Some hotspots will require additional treatment. For instance, spraying at the city recycling center reduced the trap count from 594 mosquitoes the night before spraying to just 211 after spraying. By the next night, however, the count had rebounded to 330.

In an attempt to interrupt breeding cycles, the area around the recycling center will receive targeted applications of larvicide and additional spray the week of June 28.

A well-designed, consistently monitored trapping system remains key to fighting mosquitoes. Without data from traps, it is impossible to determine the effectiveness of larviciding, or even more importantly, of spraying.

"Without traps, spraying is like trying to shoot in the dark. You can't tell if you need to spray, where you need to spray, or even if your spray was effective," said Todd Schultz, Vermillion's mosquito control specialist. "When the state opened up grant funding to combat West Nile, they told us that surveillance had to be the first priority in our mosquito control programs."

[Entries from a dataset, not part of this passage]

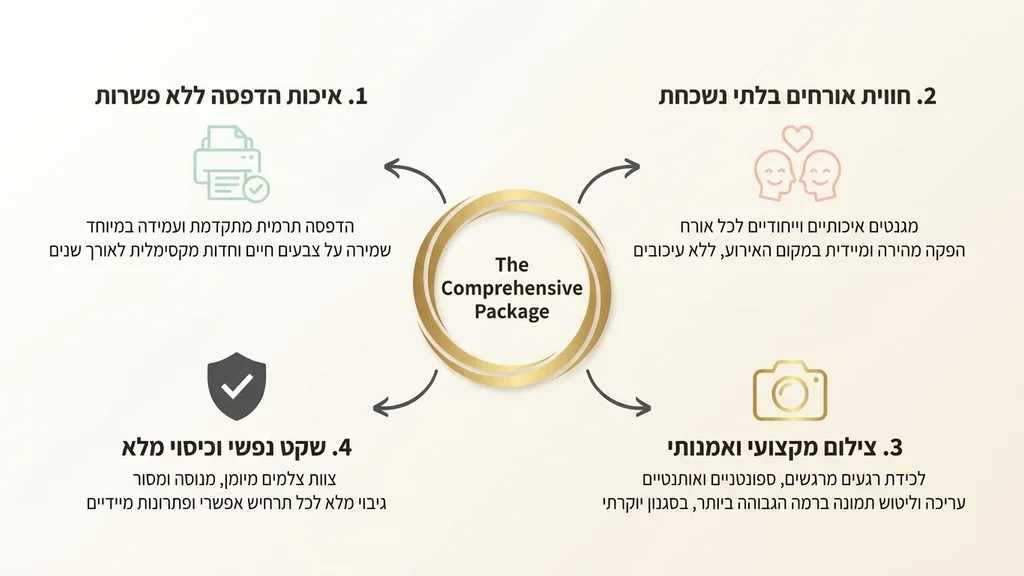 לוח מגנטים מעוצב ומואר בחתונה עם תמונות של אורחים שמחים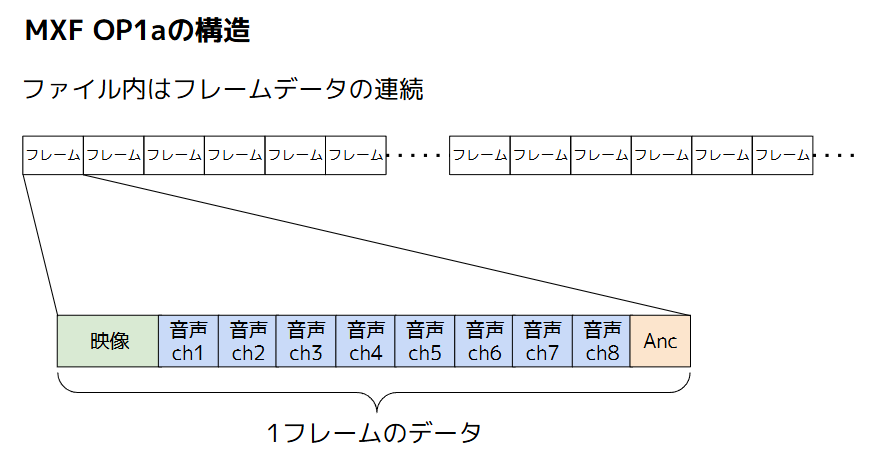 株式会社アンバーサイン【公式】 tweet media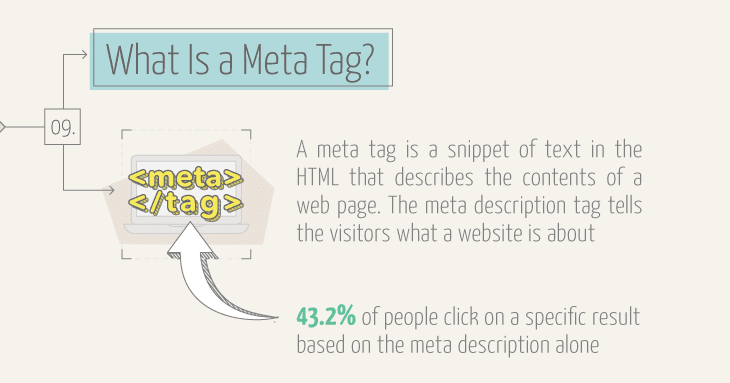 What is a meta tag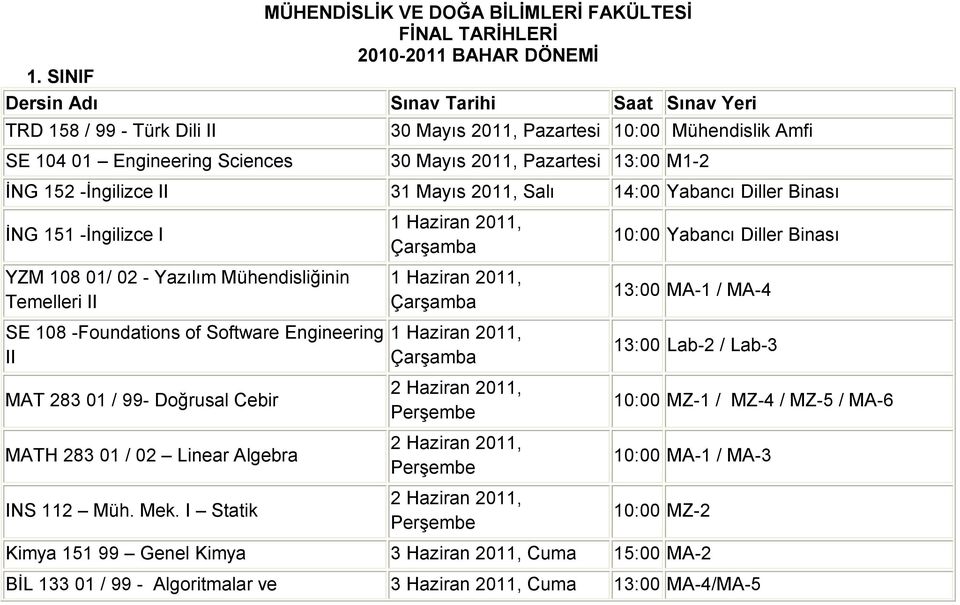 Mayıs 2011, Salı 14:00 Yabancı Diller Binası İNG 151 -İngilizce I YZM 108 01/ 02 - Yazılım Mühendisliğinin Temelleri II SE 108 -Foundations of Software Engineering II MAT 283 01 / 99- Doğrusal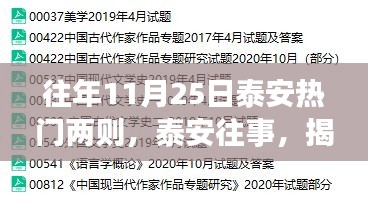 揭秘泰安往年11月25日兩大熱點話題，歷史回顧與揭秘泰安往事兩則熱門話題回顧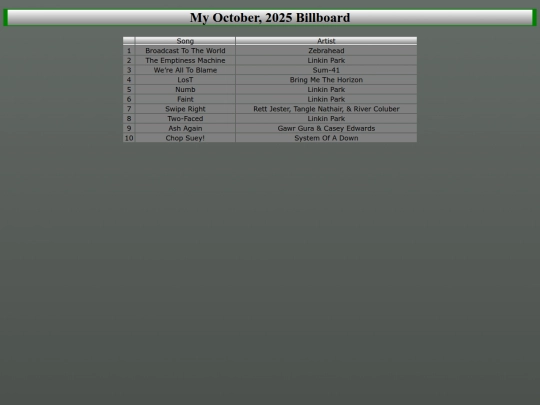 music/OctoberMostPlayed screenshot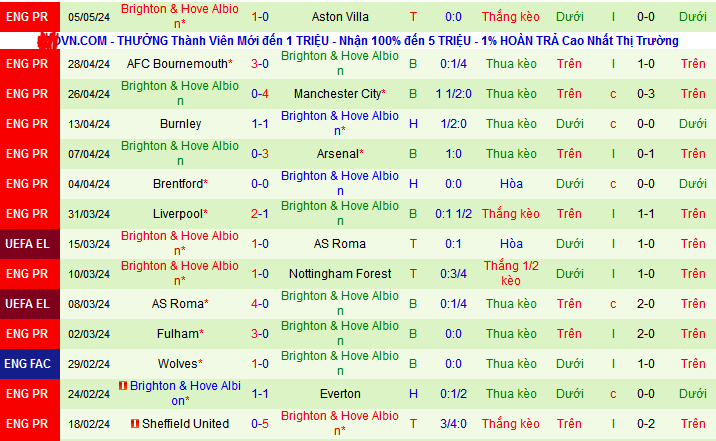 Nhận định, soi kèo Newcastle vs Brighton, 21h00 ngày 11/5: Đội cần thắng sẽ thắng - Ảnh 3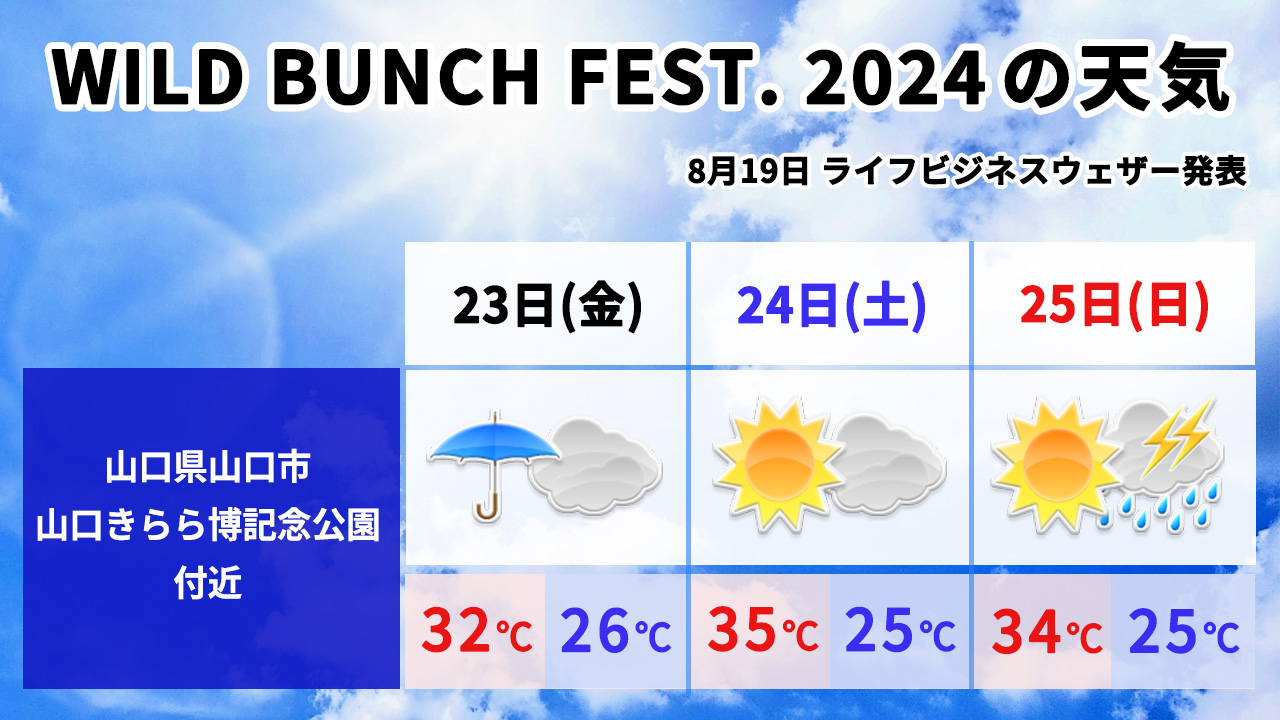 ワイバンの天気予報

Parks & Recreation Director David Nelson identified trap sites around the city when he applied for state funding last winter, and Schultz spent the last few days of May and the first week of June placing the traps at the designated sites and creating a system for collecting and analyzing data.

"The data from our trapping program has been incredibly valuable. It's given Dave and I the tools we need to make decisions about larviciding and spraying. Also, with the help of April Borders at the county Extension office, we are able to know what types of mosquitoes we are catching and if they are the type likely to carry West Nile," Schultz said.